__Records shown__:
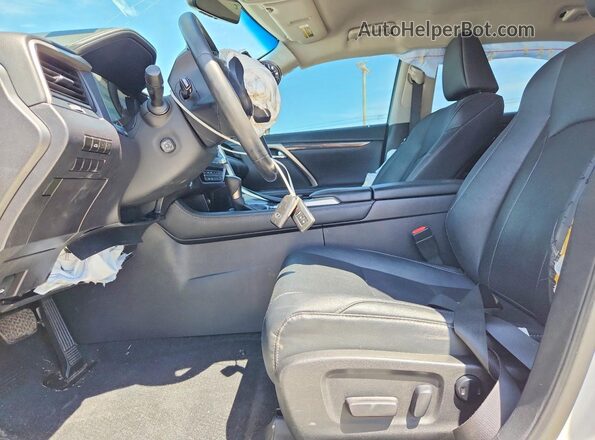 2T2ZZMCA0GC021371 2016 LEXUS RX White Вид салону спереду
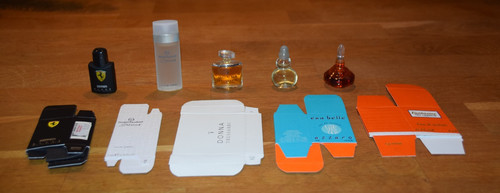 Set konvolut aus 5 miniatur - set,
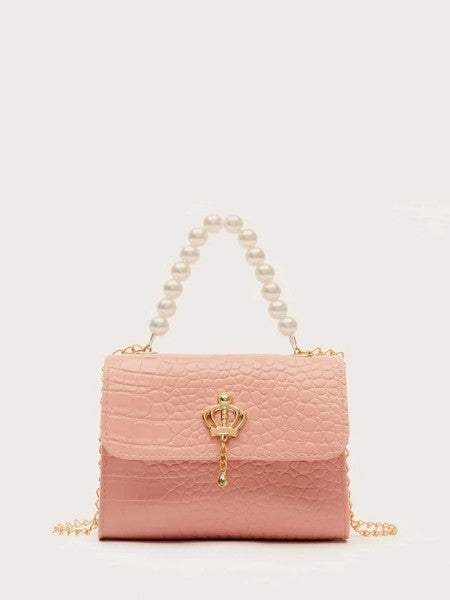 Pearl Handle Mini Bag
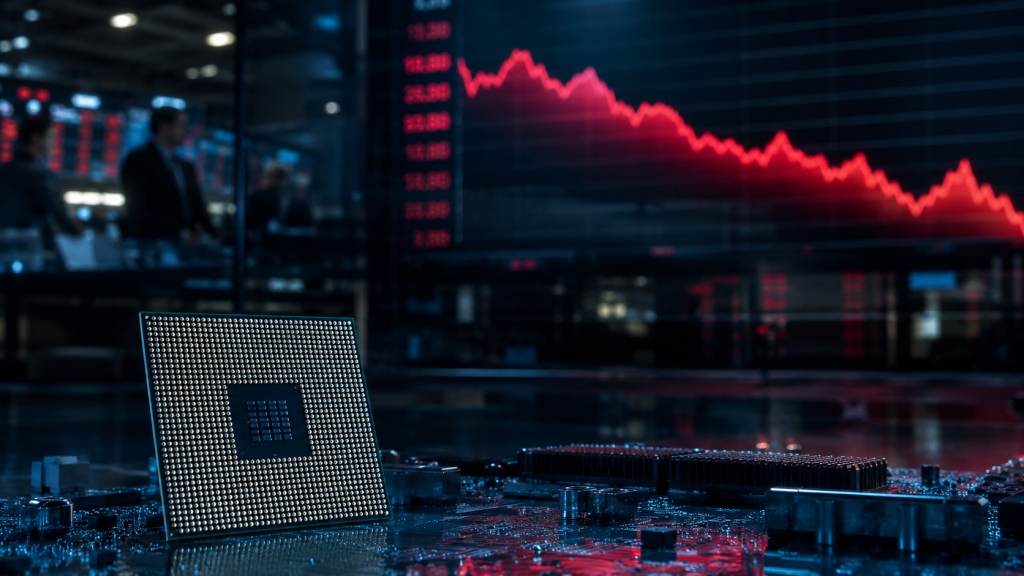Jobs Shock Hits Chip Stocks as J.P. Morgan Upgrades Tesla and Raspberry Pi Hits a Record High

--

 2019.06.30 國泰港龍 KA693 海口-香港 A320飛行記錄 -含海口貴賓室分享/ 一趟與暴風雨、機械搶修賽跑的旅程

__What you need to do__: Look back over the records above. Reproduce exactly everything from the line with "2T2ZZMCA0GC021371 2016 LEXUS" down to the line with "Jobs Shock Hits", inclusive, and leave the pictures out.

__The completed task__:
 2T2ZZMCA0GC021371 2016 LEXUS RX White Вид салону спереду
 Set konvolut aus 5 miniatur - set,
 Pearl Handle Mini Bag
Jobs Shock Hits Chip Stocks as J.P. Morgan Upgrades Tesla and Raspberry Pi Hits a Record High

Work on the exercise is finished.